[WORK INSTRUCTION]: Pictures aside, return every line below exactly as written.

[DATA BLOCK]:

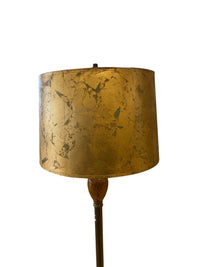 Vintage Floor Lamp with Faux Marble Accent & Gilded Shade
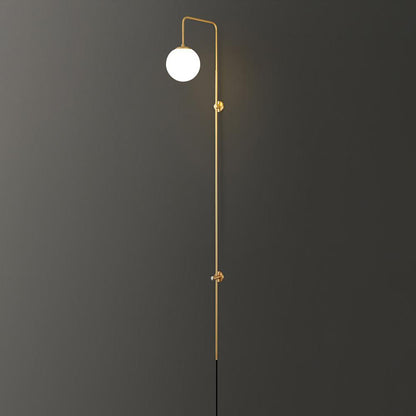 Globe Wall Sconce | Brass & White Glass | Plug-in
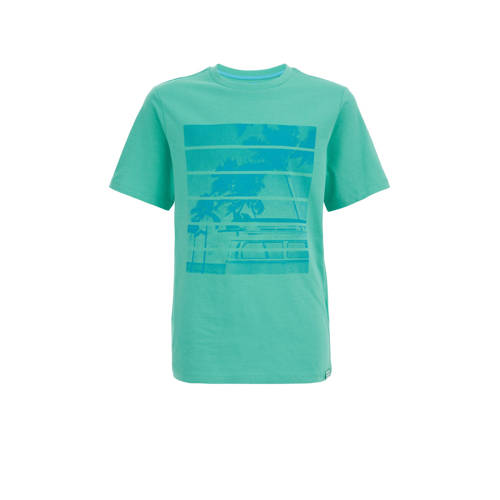 WE Fashion T-shirt met backprint zeegroen Jongens Biologisch katoen Ronde hals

[SOLUTION FOR THIS TASK]:
 Vintage Floor Lamp with Faux Marble Accent & Gilded Shade
 Globe Wall Sconce | Brass & White Glass | Plug-in
 WE Fashion T-shirt met backprint zeegroen Jongens Biologisch katoen Ronde hals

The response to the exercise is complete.